(Saved data entries)
Start of Block

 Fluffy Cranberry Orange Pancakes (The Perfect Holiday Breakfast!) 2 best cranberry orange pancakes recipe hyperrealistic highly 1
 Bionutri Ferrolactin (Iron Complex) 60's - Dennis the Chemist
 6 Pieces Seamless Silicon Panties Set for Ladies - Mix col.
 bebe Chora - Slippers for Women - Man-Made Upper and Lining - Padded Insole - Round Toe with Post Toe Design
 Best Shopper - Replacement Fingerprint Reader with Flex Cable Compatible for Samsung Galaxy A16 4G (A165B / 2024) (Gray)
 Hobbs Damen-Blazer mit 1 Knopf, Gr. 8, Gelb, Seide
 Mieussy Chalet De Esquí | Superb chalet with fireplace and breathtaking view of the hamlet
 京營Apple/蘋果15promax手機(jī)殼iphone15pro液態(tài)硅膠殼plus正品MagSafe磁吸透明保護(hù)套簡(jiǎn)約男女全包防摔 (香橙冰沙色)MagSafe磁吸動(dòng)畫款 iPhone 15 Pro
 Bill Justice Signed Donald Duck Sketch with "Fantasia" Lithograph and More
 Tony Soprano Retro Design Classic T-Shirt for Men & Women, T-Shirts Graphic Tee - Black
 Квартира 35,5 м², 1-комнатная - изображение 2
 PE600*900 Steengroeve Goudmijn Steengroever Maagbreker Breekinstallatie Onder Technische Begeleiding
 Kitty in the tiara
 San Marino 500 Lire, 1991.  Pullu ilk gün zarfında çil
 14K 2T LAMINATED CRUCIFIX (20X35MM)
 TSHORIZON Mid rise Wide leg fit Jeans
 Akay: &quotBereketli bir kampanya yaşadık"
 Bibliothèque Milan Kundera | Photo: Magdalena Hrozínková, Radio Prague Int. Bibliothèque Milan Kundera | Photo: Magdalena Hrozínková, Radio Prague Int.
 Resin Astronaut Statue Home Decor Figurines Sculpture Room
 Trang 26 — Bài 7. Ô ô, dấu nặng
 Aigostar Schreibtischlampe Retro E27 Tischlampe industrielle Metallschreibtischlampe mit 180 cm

End of Block

(Your instructions) Copy every record again, keeping each word unchanged.

(Answer to this problem)
 Fluffy Cranberry Orange Pancakes (The Perfect Holiday Breakfast!) 2 best cranberry orange pancakes recipe hyperrealistic highly 1
 Bionutri Ferrolactin (Iron Complex) 60's - Dennis the Chemist
 6 Pieces Seamless Silicon Panties Set for Ladies - Mix col.
 bebe Chora - Slippers for Women - Man-Made Upper and Lining - Padded Insole - Round Toe with Post Toe Design
 Best Shopper - Replacement Fingerprint Reader with Flex Cable Compatible for Samsung Galaxy A16 4G (A165B / 2024) (Gray)
 Hobbs Damen-Blazer mit 1 Knopf, Gr. 8, Gelb, Seide
 Mieussy Chalet De Esquí | Superb chalet with fireplace and breathtaking view of the hamlet
 京營Apple/蘋果15promax手機(jī)殼iphone15pro液態(tài)硅膠殼plus正品MagSafe磁吸透明保護(hù)套簡(jiǎn)約男女全包防摔 (香橙冰沙色)MagSafe磁吸動(dòng)畫款 iPhone 15 Pro
 Bill Justice Signed Donald Duck Sketch with "Fantasia" Lithograph and More
 Tony Soprano Retro Design Classic T-Shirt for Men & Women, T-Shirts Graphic Tee - Black
 Квартира 35,5 м², 1-комнатная - изображение 2
 PE600*900 Steengroeve Goudmijn Steengroever Maagbreker Breekinstallatie Onder Technische Begeleiding
 Kitty in the tiara
 San Marino 500 Lire, 1991.  Pullu ilk gün zarfında çil
 14K 2T LAMINATED CRUCIFIX (20X35MM)
 TSHORIZON Mid rise Wide leg fit Jeans
 Akay: &quotBereketli bir kampanya yaşadık"
 Bibliothèque Milan Kundera | Photo: Magdalena Hrozínková, Radio Prague Int. Bibliothèque Milan Kundera | Photo: Magdalena Hrozínková, Radio Prague Int.
 Resin Astronaut Statue Home Decor Figurines Sculpture Room
 Trang 26 — Bài 7. Ô ô, dấu nặng
 Aigostar Schreibtischlampe Retro E27 Tischlampe industrielle Metallschreibtischlampe mit 180 cm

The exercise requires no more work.